Friday, January 10, 2014

How to Build Communication Bridges with Your Clients

Building the perfect business relationship with potential client doesn’t come with a book of instructions.  If it did, the task would be much easier… (Yet a lot of gurus say they know how to build a relationship with clients and have written books about the subject.) But the reality is every client relationship is different.
Just when you think you survived the startup phase with your new venture, you learn the easy part is over and now the growth years are on the way. Facing the growth years within your venture is not something you need to be afraid of, it simply means there is a lot of work ahead of you. This blog post will help you take the experience one day at a time and learn how to bridge the communication gap.


The Message

As your sales team goes from new to veteran, sometimes what you ‘say’ gets lost in translation.  They can give you that blank stare or worse yet they misunderstand how to sell the product or service correctly which costs you time and money.  But with regular trainings on products, services, and selling techniques you can overcome this hurdle.

The Bridge

It’s not easy to keep the communication bridges open with a client because they too are trying to grow and make the choices that will have a vital impact on their future. They are becoming capable of spending larger amounts of money, having less and less time available to meet with you, and have their own difficulties they need you to help address.

Here are a few tips to help you get started:

1.       Watch your body language. 
How you move says a lot about you.  When a person is tired, they tend to slump.  When angered, your jaw muscles tighten and your eyes narrow into slits.  Believe it or you’re your clients are good at interpreting body language.  Yours will betray you when you are talking to them.  Keep it open and honest.  Avoid sitting with your arms crossed, eyes looking away from them or squirming in your seat.

2.       Make eye contact. 
When you don’t look at the person - you are non-verbally showing that you are either hiding something or you are not at all interested in what they have to say.  Your client will shut down emotionally when they suspect that you are not “tuned in” to them or worse yet end the meeting early.  Sit comfortably and give your client undivided attention with consistent eye contact.  It lets them know that you care.

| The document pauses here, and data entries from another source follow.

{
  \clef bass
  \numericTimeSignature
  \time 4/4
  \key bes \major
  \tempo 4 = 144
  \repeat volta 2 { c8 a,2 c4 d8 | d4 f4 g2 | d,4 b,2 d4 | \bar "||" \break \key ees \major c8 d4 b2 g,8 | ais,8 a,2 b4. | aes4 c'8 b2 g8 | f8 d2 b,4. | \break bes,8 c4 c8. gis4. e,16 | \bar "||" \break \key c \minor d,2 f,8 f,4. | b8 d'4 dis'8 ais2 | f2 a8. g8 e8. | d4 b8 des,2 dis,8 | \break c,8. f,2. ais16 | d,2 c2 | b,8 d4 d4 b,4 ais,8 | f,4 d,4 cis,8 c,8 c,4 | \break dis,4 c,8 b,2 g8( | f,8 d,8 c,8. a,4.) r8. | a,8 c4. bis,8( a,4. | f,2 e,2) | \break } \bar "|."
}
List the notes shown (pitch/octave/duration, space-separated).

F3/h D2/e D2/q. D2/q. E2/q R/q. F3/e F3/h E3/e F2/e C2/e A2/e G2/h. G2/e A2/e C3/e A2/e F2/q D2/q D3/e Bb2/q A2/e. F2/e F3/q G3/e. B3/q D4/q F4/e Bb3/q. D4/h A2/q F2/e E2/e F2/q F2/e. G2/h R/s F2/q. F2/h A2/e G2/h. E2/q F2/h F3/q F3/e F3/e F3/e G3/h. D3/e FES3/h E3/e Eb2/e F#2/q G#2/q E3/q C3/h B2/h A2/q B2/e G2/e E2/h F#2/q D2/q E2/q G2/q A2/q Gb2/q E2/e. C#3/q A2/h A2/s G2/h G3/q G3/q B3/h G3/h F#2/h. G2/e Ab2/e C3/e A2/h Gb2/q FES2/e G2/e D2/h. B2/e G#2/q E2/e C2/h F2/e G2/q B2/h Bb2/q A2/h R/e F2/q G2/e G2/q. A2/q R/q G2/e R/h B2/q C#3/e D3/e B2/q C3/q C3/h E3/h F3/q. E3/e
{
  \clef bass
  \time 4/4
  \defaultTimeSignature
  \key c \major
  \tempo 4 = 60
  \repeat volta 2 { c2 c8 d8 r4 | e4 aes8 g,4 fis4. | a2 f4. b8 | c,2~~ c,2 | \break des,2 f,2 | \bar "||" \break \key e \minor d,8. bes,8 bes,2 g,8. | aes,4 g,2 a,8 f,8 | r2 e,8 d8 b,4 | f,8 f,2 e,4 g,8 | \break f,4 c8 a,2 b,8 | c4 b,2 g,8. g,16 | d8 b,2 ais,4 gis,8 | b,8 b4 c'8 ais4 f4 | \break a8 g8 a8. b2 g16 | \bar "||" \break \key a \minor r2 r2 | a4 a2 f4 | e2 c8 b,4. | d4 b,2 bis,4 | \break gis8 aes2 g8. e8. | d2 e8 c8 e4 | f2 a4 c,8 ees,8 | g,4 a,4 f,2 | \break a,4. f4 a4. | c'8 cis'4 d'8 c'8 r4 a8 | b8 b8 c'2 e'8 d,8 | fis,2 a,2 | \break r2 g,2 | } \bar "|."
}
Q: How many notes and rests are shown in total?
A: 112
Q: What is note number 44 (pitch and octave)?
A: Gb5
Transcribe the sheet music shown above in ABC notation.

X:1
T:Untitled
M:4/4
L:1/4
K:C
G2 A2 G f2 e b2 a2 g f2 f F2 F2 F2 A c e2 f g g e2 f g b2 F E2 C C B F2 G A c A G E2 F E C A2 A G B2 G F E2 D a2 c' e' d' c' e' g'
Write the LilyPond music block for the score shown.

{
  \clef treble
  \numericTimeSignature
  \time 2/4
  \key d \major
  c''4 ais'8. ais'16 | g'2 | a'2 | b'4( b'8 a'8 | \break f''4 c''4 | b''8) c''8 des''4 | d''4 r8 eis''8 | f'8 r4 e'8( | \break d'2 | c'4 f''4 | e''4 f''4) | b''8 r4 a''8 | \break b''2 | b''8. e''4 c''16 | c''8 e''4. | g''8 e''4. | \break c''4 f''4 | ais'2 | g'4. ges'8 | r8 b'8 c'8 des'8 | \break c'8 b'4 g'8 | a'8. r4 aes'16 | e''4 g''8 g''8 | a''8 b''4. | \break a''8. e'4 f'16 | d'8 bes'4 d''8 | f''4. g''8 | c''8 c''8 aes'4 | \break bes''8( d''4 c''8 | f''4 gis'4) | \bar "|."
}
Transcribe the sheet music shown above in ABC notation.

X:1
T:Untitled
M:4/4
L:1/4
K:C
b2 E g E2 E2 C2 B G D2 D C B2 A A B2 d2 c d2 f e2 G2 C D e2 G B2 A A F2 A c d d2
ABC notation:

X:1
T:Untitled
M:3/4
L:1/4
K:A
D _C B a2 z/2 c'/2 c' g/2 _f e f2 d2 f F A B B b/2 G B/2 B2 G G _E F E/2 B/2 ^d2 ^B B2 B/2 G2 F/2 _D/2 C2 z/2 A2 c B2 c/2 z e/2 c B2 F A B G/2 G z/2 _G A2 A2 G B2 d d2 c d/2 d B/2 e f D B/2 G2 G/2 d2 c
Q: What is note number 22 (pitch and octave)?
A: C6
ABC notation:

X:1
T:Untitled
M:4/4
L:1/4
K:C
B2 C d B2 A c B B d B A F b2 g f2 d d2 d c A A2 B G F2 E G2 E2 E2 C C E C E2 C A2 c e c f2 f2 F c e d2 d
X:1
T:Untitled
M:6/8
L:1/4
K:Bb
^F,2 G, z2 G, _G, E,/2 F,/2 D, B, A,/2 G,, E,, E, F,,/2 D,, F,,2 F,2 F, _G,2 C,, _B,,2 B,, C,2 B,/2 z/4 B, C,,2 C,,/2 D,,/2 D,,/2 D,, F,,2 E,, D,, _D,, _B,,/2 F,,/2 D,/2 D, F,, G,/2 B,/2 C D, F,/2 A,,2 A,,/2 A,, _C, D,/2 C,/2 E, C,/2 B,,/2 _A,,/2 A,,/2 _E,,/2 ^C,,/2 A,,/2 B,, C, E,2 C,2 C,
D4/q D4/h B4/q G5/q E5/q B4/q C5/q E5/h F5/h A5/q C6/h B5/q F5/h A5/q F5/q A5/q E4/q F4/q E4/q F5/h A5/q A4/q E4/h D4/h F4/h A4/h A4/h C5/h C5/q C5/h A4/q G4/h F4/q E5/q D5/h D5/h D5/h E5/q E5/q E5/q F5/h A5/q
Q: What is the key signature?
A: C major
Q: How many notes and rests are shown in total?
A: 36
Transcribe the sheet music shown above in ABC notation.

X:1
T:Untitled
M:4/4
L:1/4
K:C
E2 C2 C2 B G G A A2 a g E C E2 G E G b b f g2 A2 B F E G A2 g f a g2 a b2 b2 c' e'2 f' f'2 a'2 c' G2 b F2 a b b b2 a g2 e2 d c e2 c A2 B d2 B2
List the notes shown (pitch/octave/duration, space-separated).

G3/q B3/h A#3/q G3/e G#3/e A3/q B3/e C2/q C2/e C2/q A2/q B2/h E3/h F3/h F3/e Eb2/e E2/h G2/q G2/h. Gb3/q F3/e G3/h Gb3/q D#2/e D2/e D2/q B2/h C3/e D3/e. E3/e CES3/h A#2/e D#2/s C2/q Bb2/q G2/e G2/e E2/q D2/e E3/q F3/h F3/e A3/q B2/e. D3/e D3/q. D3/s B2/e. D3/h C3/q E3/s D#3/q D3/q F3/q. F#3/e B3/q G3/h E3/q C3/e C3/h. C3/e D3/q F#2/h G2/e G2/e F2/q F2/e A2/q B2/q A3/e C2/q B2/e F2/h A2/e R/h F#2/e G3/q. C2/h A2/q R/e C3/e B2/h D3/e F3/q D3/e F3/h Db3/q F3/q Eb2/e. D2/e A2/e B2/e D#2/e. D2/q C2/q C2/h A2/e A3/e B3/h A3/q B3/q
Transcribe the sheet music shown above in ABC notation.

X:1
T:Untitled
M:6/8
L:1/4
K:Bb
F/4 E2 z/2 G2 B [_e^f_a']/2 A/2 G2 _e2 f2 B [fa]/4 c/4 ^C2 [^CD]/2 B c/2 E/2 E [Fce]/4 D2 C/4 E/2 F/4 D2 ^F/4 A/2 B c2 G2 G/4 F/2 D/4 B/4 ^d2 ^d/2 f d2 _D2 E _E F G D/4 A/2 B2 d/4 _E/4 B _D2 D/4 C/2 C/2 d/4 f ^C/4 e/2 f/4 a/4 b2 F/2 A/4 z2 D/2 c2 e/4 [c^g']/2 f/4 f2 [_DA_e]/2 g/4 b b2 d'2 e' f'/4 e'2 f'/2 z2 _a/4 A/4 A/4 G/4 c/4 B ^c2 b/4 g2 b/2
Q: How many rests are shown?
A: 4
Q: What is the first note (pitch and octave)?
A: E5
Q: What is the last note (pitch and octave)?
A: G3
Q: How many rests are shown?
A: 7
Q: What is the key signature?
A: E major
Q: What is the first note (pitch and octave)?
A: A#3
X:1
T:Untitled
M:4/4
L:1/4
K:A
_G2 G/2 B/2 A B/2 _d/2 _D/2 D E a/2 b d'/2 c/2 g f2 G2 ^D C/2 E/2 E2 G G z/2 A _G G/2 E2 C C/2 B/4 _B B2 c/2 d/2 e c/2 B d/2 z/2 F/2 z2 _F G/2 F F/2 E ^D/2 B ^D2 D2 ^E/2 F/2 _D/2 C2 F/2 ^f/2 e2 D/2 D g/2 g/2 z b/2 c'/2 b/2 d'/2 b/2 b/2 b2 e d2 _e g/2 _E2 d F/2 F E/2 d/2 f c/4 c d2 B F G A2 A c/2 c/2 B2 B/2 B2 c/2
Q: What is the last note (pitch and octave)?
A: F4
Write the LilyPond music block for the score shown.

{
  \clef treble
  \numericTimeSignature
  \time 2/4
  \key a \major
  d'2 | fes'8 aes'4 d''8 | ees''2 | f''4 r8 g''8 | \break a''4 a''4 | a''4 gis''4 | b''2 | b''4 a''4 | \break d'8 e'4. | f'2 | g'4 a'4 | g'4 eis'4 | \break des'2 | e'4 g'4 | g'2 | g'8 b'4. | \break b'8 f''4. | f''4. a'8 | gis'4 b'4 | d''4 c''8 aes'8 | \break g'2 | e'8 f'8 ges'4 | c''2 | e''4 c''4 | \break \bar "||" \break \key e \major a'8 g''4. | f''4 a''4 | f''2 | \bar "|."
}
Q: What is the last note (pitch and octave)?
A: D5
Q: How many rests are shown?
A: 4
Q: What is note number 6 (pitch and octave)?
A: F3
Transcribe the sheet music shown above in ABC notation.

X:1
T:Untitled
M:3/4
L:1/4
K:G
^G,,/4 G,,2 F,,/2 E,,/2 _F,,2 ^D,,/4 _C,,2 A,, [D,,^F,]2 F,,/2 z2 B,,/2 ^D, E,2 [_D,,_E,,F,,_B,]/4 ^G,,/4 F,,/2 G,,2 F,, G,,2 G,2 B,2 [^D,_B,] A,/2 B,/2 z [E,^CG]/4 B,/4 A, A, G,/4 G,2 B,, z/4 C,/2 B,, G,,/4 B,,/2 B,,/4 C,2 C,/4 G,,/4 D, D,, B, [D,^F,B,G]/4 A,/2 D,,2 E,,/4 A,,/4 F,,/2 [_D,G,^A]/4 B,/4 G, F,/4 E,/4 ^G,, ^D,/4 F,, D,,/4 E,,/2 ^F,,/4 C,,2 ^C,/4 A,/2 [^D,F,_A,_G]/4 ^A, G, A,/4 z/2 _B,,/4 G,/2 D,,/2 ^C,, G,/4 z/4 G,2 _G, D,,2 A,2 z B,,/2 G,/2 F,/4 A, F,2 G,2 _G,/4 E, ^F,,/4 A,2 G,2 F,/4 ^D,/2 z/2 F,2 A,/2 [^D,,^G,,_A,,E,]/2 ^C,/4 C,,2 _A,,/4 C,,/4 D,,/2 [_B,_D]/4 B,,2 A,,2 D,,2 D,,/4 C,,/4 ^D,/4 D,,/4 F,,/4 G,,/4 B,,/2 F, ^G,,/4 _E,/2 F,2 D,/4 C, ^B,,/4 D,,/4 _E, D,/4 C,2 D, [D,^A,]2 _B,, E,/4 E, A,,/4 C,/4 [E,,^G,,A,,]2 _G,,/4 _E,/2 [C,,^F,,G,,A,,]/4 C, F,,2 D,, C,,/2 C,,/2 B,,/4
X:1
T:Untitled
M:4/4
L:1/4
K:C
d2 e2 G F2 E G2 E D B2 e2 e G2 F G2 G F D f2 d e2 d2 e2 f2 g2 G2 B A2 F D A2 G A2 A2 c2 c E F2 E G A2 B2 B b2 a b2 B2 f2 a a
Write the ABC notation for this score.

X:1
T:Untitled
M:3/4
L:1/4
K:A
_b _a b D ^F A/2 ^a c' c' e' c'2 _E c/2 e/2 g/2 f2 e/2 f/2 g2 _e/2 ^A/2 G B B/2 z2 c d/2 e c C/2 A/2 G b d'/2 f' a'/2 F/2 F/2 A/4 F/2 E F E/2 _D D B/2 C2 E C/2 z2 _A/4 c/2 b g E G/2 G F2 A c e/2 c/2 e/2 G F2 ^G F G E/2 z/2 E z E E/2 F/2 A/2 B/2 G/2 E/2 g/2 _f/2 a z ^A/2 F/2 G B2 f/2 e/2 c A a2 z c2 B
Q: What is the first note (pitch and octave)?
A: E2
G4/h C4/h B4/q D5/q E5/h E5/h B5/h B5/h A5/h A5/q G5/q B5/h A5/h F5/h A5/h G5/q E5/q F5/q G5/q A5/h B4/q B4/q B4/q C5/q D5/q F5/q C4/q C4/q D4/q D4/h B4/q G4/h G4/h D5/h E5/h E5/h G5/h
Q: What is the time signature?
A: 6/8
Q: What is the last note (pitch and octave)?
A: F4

3.       Keep your emotions in check. 
Remember back to when you were in high school?  Some of the things you said to your parents were aimed at freaking them out.  Clients will push your buttons if they can - don’t go overboard and get upset.  Their target is opening lines of communication for sharing their concerns or disinterest, sometimes they know it may make you mad.  Instead, take a deep breath, listen closely, repeat what you hear back, and ignore the taunt.  Do the opposite of what they expect because really, they want you to see through their ploy and find out the real problem.

4.       Ask them about their day. 
This technique works with spouses also.  Even if your client only grunts or says the obligatory, “It was okay,” ask anyway.  This shows you care. How many sales people really ask that question anyways? (Your show of caring will go a long way to convince them that you are interested in the things that they do and how they feel.)

5.       Be honest with them.
If you don’t understand or have an issue about something then say so.  Clients like your kids know when you are being insincere.  Discuss everything honestly and openly, say ‘I don’t know’ if you don’t know, but provide follow up when you find out the answer. Sometimes situational selling works when your client will explain an idea of where they are coming from.  Your client won’t mind explaining as long as they know you are listening. This way they know you really want them to be successful.

6.       Allow them their privacy. 
This one is tricky and since you want to know your client better than anyone else, you need to draw the line.  Clients value their time alone to think about the proposal.  Take a ‘break’ for a coffee and come back to answer questions later. Sometimes, planning a follow up meeting works well too. Never adopt the policy of the hard sale because it could burn the bridge and end the relationship with that client.  Remember, they need to hear your message but you need to listen their desires.  Also, in their office may be that there are no locks on the doors, always show respect by knocking before entering.  If they don’t want to be pressed about placing an order at the moment, wait until they are ready (if it’s not urgent for their timeline) and then make the close.


Being a sales person or a manager of a sales team takes a tough skin, a willingness to be vulnerable and lots of passion for what you do.  You will make mistakes but whatever you do, don’t stop talking ever to your client or training your sales team.